Unpacking SHACL
An abundance of acronyms
Semantic technologies seem to suffer more than most from galloping acronymitis; the tendency to come up with the most tortured, obscure and indecipherable abbreviations possible for terminology. Add to this the tooth-grindingly irritating habit of using recursive acronyms (for example, SPARQL is short for SPARQL Protocol and RDF Query Language) and it all gets a bit difficult for the average human.
The worst offender that I've encountered in the Semantic world is SHACL. Not only does it say nothing to the reader about its purpose; it maintains its mystery once you unpack the acronym to the full form of Shapes Constraint Language. It doesn't get much clearer when it is described in Wikipedia:
Shapes Constraint Language is a World Wide Web Consortium standard language for describing Resource Description Framework graphs. SHACL has been designed to enhance the semantic and technical interoperability layers of ontologies expressed as RDF graphs. SHACL models are defined in terms of constraints on the content, structure and meaning of a graph. SHACL is a highly expressive language.
Note: I'm a big fan of Wikipedia, and of W3C standards for that matter. But I'm a reasonably intelligent reader and after a couple of reads through the paragraph above I still don't really know what SHACL is or what it's for.
In this short article I am going to try to use plain English to illuminate this topic.
TL;DR
Sorry, there goes another irritating acronym. This one is short for "Too Long; Didn't Read" and in a way it's a lesson for people like me to keep it short and simple. Anyway...

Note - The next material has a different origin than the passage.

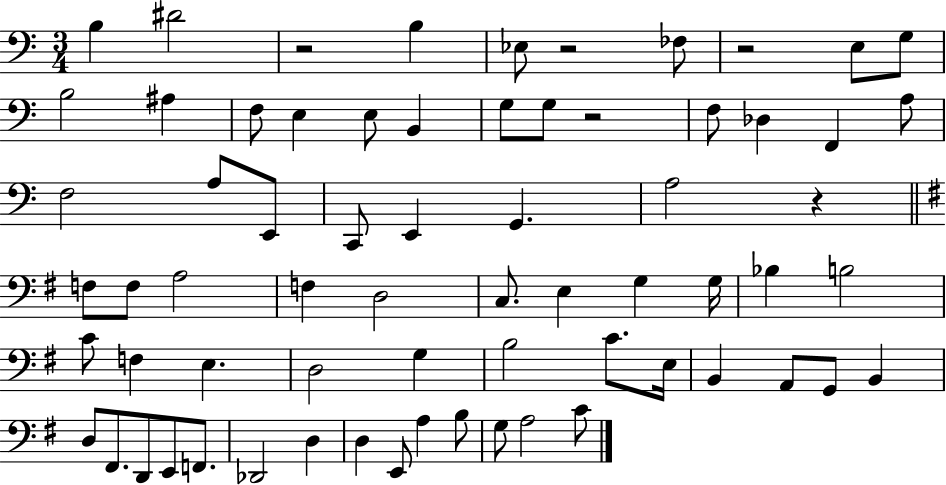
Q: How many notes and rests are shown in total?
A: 68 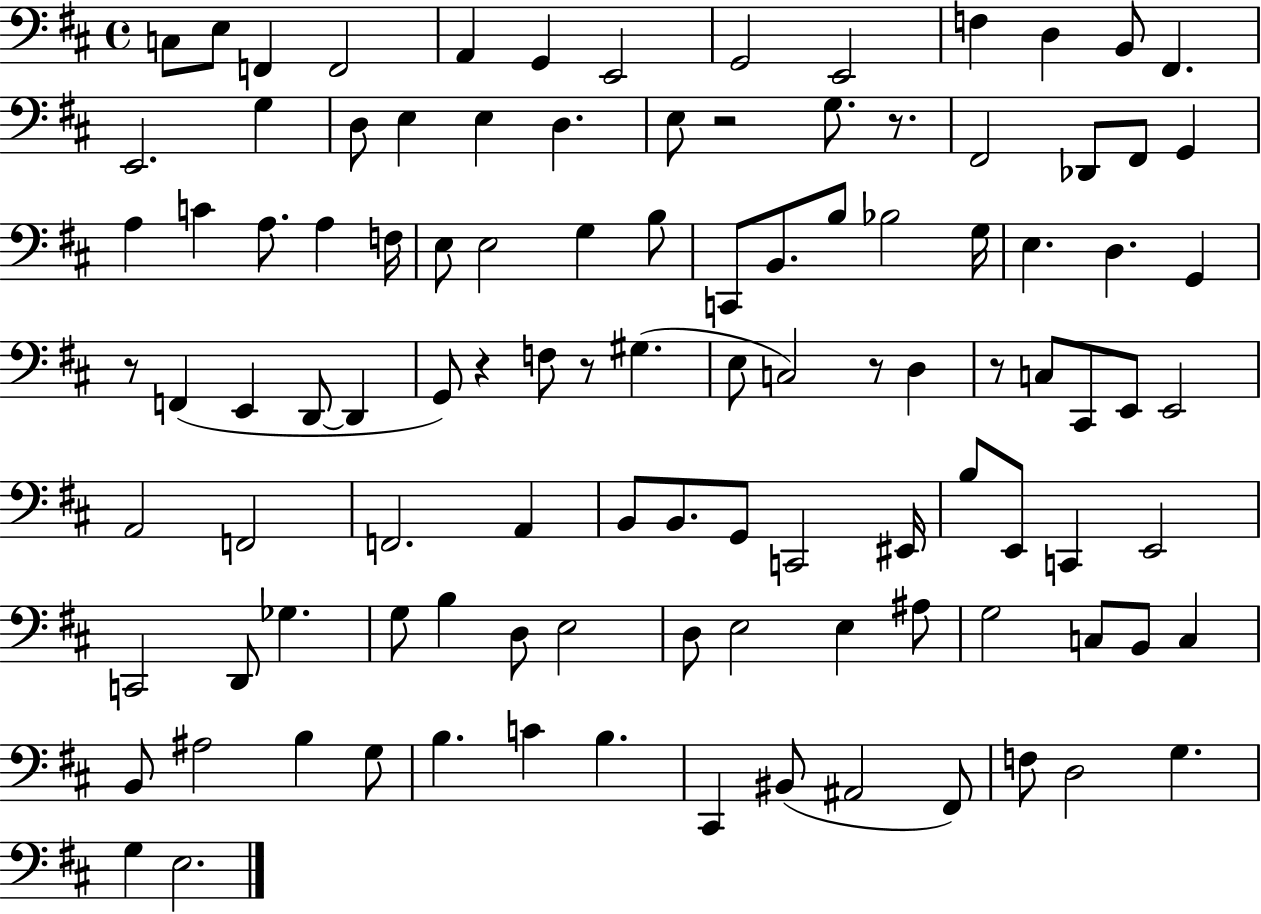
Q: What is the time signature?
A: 4/4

SHACL is a structured language that allows you to write rules and use them to test RDF graphs.
That's it in a nutshell. If you want, you can stop here and go and look at a site like SHACL playground (https://shacl.org/playground/). This is a very nice illustration of how to build rules and use them to validate a graph. If you're feeling in need of comprehensive (if mind-numbing to people like me) detail, head to the W3C pages: https://www.w3.org/TR/shacl/ .
Or you are welcome to stay here while I go through progressively more detailed information on what it is, why you would want to use it and how to use it.
Where SHACL is used
SHACL is used to validate an information model for an RDF knowledge graph. The validation process involves setting up a collection of rules based on the properties of the graph. For example (and I'll be working through this step by step later on) you might have a knowledge graph based on family relationships - parent, child, brother, sister, etc - and a set of individuals as part of that graph. You may design, as part of the graph model, the fact that a person (the topmost class in the model under Thing) has to have at least one first name. You can build a SHACL rule to test the person objects and check whether each has a value assigned to the firstName property. When you run the validation on that graph using that rule you will get a report showing any individuals that fail the rule. See the step by step run-through below.
Structure of SHACL
A SHACL file is an RDF file. Here is a simple SHACL file (it's the default that is displayed in Protégé's SHACL tab).
@prefix rdf: <http://www.w3.org/1999/02/22-rdf-syntax-ns#> .
@prefix sh: <http://www.w3.org/ns/shacl#> .
@prefix xsd: <http://www.w3.org/2001/XMLSchema#> .
@prefix rdfs: <http://www.w3.org/2000/01/rdf-schema#> .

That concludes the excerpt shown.